%%

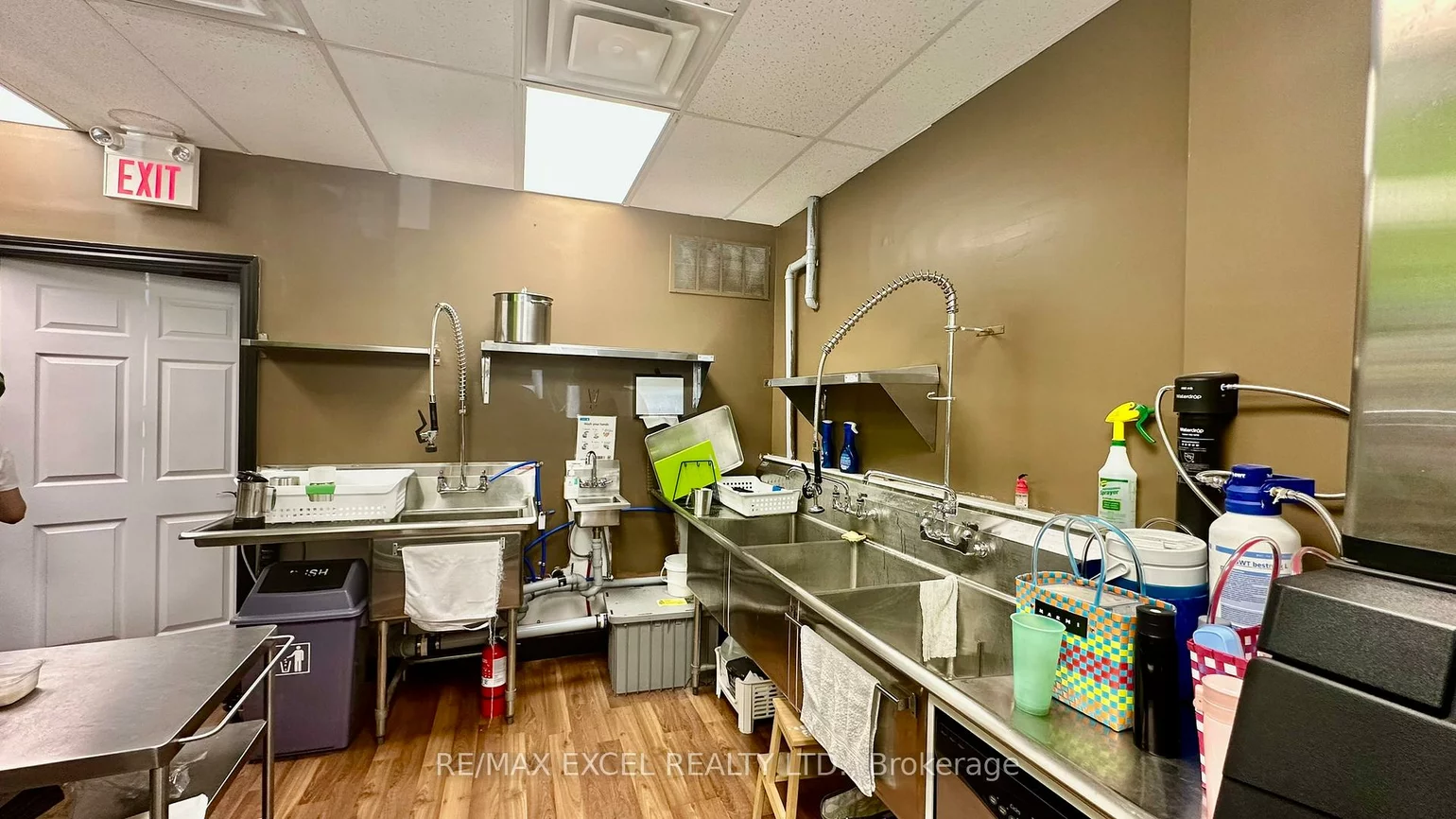 503, Pinegrove, 1020 - WO West, Oakville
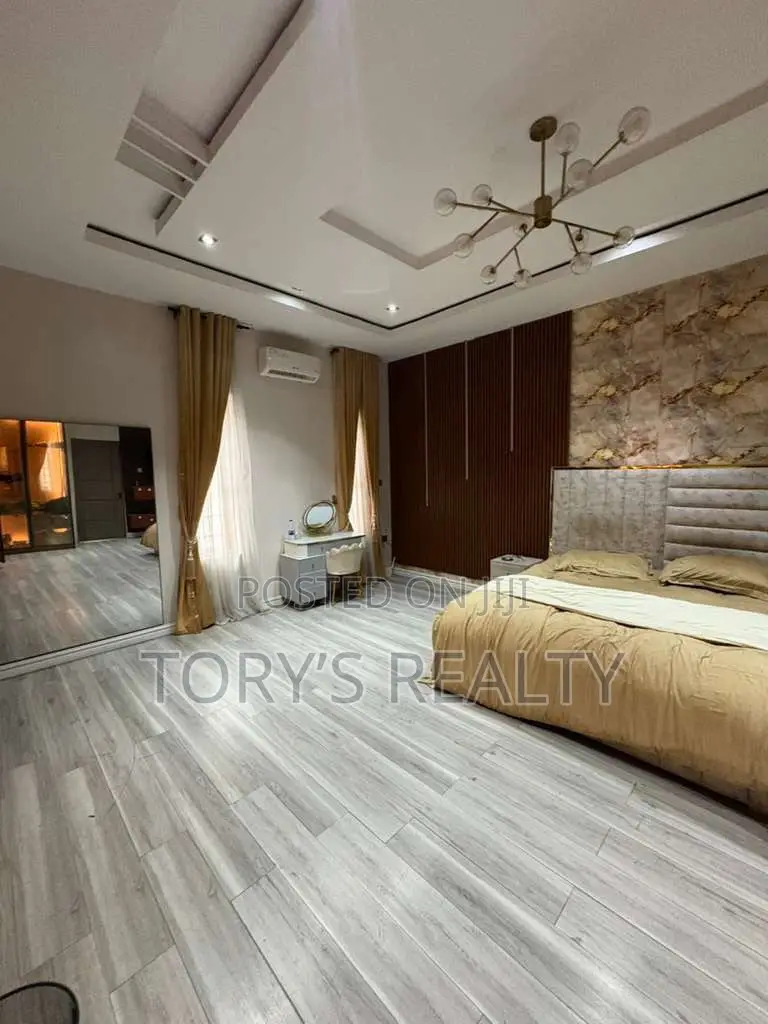 Furnished 4bdrm Duplex in Thomas Estate for rent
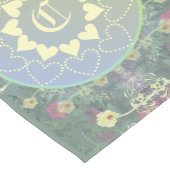 Mandala Monogram op Wildflower Symmetry Korte Tafelloper (Hoek)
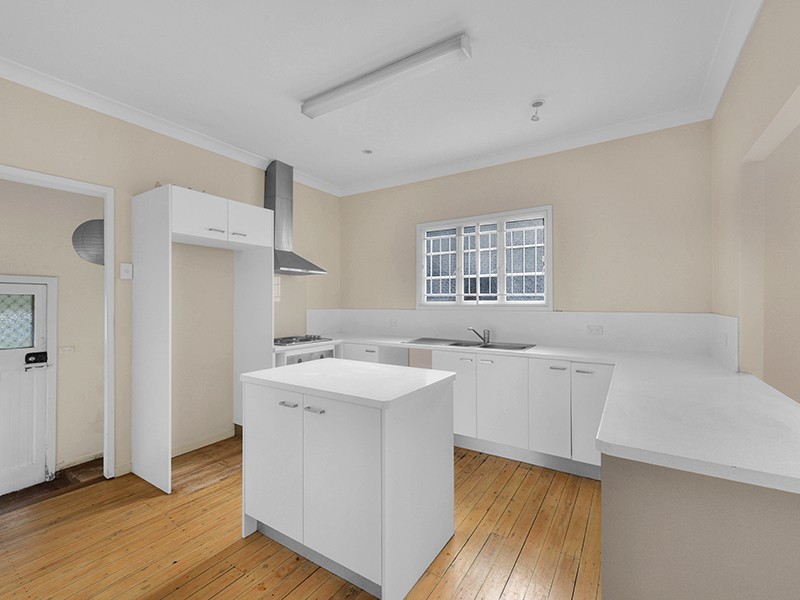 12 Gaynor Road, Banyo QLD 4014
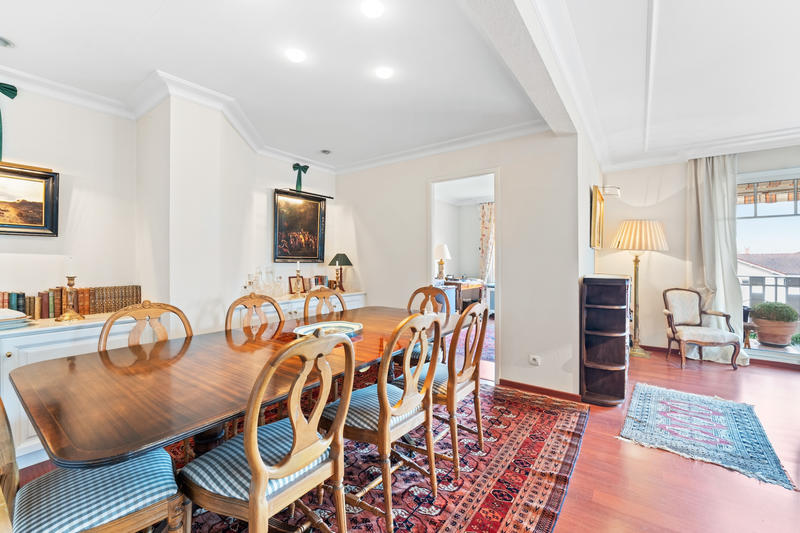 Appartement - 151 m² - 5 pièces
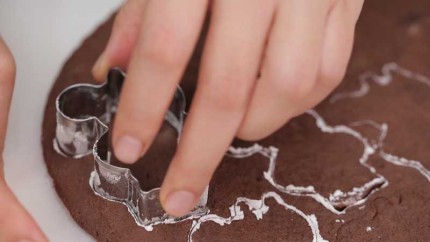 烘焙食谱初级：抱抱杏仁松鼠曲奇制作方法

%%

• Exercise goal: What you return should match the entries word for word, pictures aside.

• Task response:
 503, Pinegrove, 1020 - WO West, Oakville
 Furnished 4bdrm Duplex in Thomas Estate for rent
 Mandala Monogram op Wildflower Symmetry Korte Tafelloper (Hoek)
 12 Gaynor Road, Banyo QLD 4014
 Appartement - 151 m² - 5 pièces
 烘焙食谱初级：抱抱杏仁松鼠曲奇制作方法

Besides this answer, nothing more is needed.